Majuli has been in news for various reasons of late—political, religious, natural beauty, geographical hazards, proselytization, heritage site, connecting bridges to the island and so on. Majuli, now a district, is a river-made island, one of the largest river islands in the world with several Vaishnavite monasteries known as Satra. One colonial account reveals that it was around 130 miles in the 18th century.1 Dr. J.P. Wade who visited Assam in 1792 recorded that the island was around 160 miles in length and 60 miles in breadth.2 With continuous erosion, however, the landmass of the island was reduced to 1246 square kilometres in 1950 which again declined to 480 square kilometres in 2001.3

The Tuni river, the only river of island, had a history closely associated with the formation of Majuli island.
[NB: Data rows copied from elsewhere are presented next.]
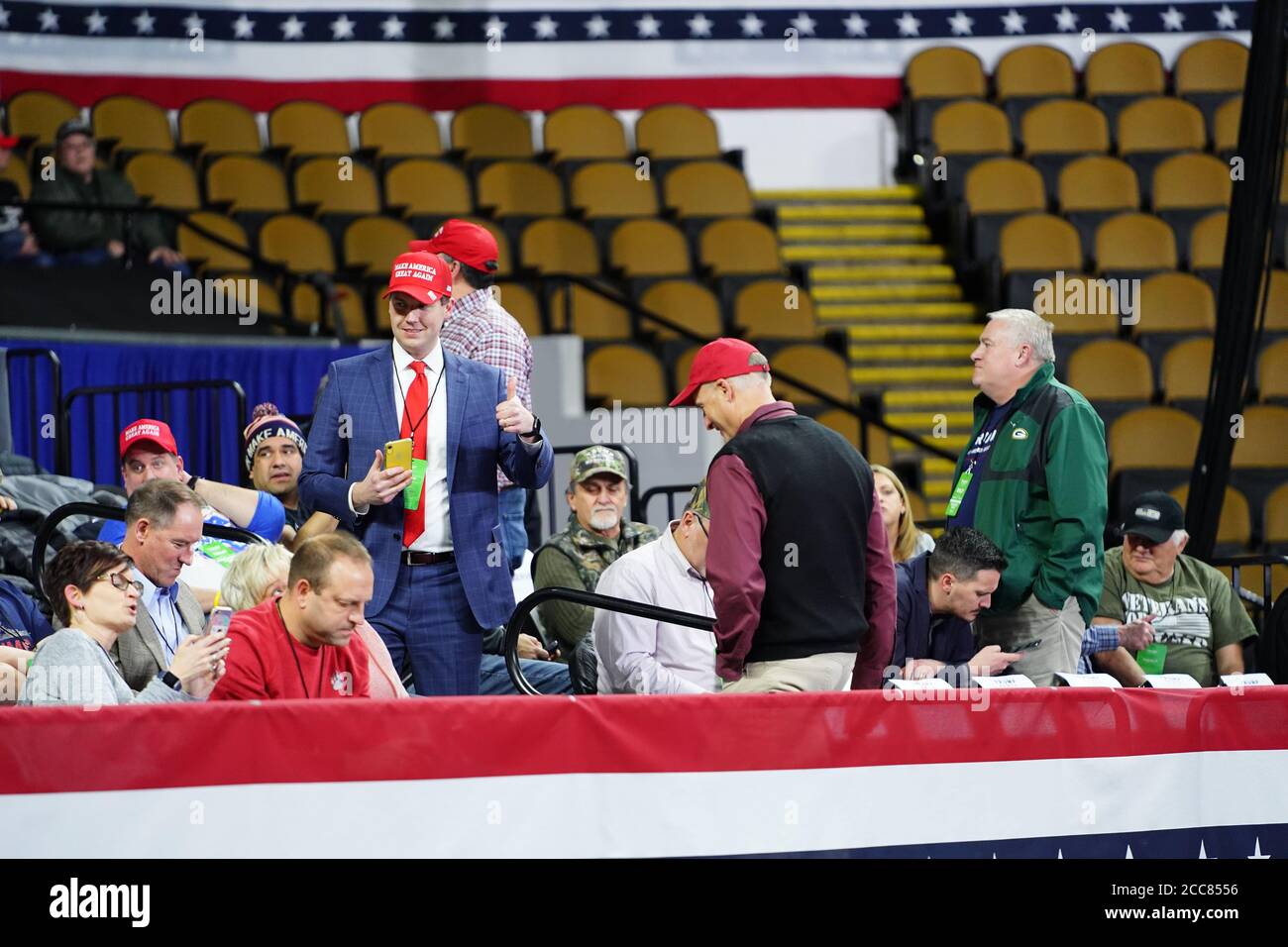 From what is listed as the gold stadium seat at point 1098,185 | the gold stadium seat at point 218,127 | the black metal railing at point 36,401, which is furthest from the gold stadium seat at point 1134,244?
the black metal railing at point 36,401

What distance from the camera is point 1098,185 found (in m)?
12.0

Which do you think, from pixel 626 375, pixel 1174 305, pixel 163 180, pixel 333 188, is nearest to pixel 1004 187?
pixel 1174 305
Dambarudhar Nath, a historian hailing from Majuli, opines that the Tuni river, originating from the Brahmaputra at the northeastern part, flows through the island to fall into the Brahmaputra again on its southeast.4 This river, he holds, is a cut off part of the river Dikhow.5 There is however another slant that the rivers such as Disang, Dikhow, Disoi and Dhansiri once used to flow to Brahmaputra along with south-eastern boundary of present Majuli and Tuni is a channel of the old Dikhow.6 Whatever might be the history, this river flowed across the island and connected various streams and channels of Majuli such as Sukan xuti, Dighali xuti, Mori Tuni, Ou Dubi, Doriya Dubi etc.  Majuli was full of river channels, swamps, reservoirs and ponds. As the Tuni river had direct or indirect access to such channels or bils, it regulated the drainage of most of the parts of Majuli. With regular flood in summer, the river would make fields of the island fertile. The Tuni river also catered adequate fishes and water for different purposes including drinking water to people and rendered livelihood to numerous people of the island, particularly to the fishermen. The natives used to visit the river in several socio-cultural occasions and they performed rituals in its bank. Tuni was indeed considered as the sustenance of Majuli.

Map
The Tuni River on Map, Source: SDC office, Majuli 

 I was born and brough up in Majuli. I left my home, nevertheless, after matriculation to pursue higher studies and only in vacations I would go home, of course, off and on. I had no maturity then to intuit changes, either in society or in other spheres, led by a number of factors including globalisation. After around 10 years I however ascertained causes of some problems in the river island and undeniably sensed apprehensions among people on changing geography of Majuli due to soil erosion and recurring floods. Another prominent alteration which had nonplussed me was that the bonny Tuni had turned into a cadaver as she was blocked by a ‘modern’ road where earlier, there was a wooden bridge. It was not merely the death of a river; her death literally had brought menace to a civilisation, in fact.

“The Burial of the Dead”:

When I untangle thoughts on Tuni in retrospect, I unravel a couple of wooden bridges, black in colour, over fresh bluish water of the river. Frequent floods yet sourced from the Brahmaputra via Tuni piteously effected the villagers of the island who were mostly farmers. Crops such as rice, vegetables, grains and fruits often got tore down. Soil erosion by Brahmaputra has also been a periodic phenomenon in Majuli after the great earthquake of 1950. The erosion cropped up prominently in the last decade of the 20th century in different parts of the island, particularly in Salmora and Aahotguri. The intensity of erosion in the 90s grew so staggeringly that portents had emerged to Kamalabari, the doorway and foremost market place of Majuli.  As a measure of protection from such erosion, one flake of Tuni was closed off near Dhapak village, an adjacent area to Kamalabari in 1991 by constructing an embankment. This step on the contrary intensified the river current near Patia Gaon. Frequent floods thus betided in Majuli through the bridge over Tuni at Patia as soon as the level of Brahmaputra rose. This blemished hard-laboured crops of the villagers in unvarying intervals.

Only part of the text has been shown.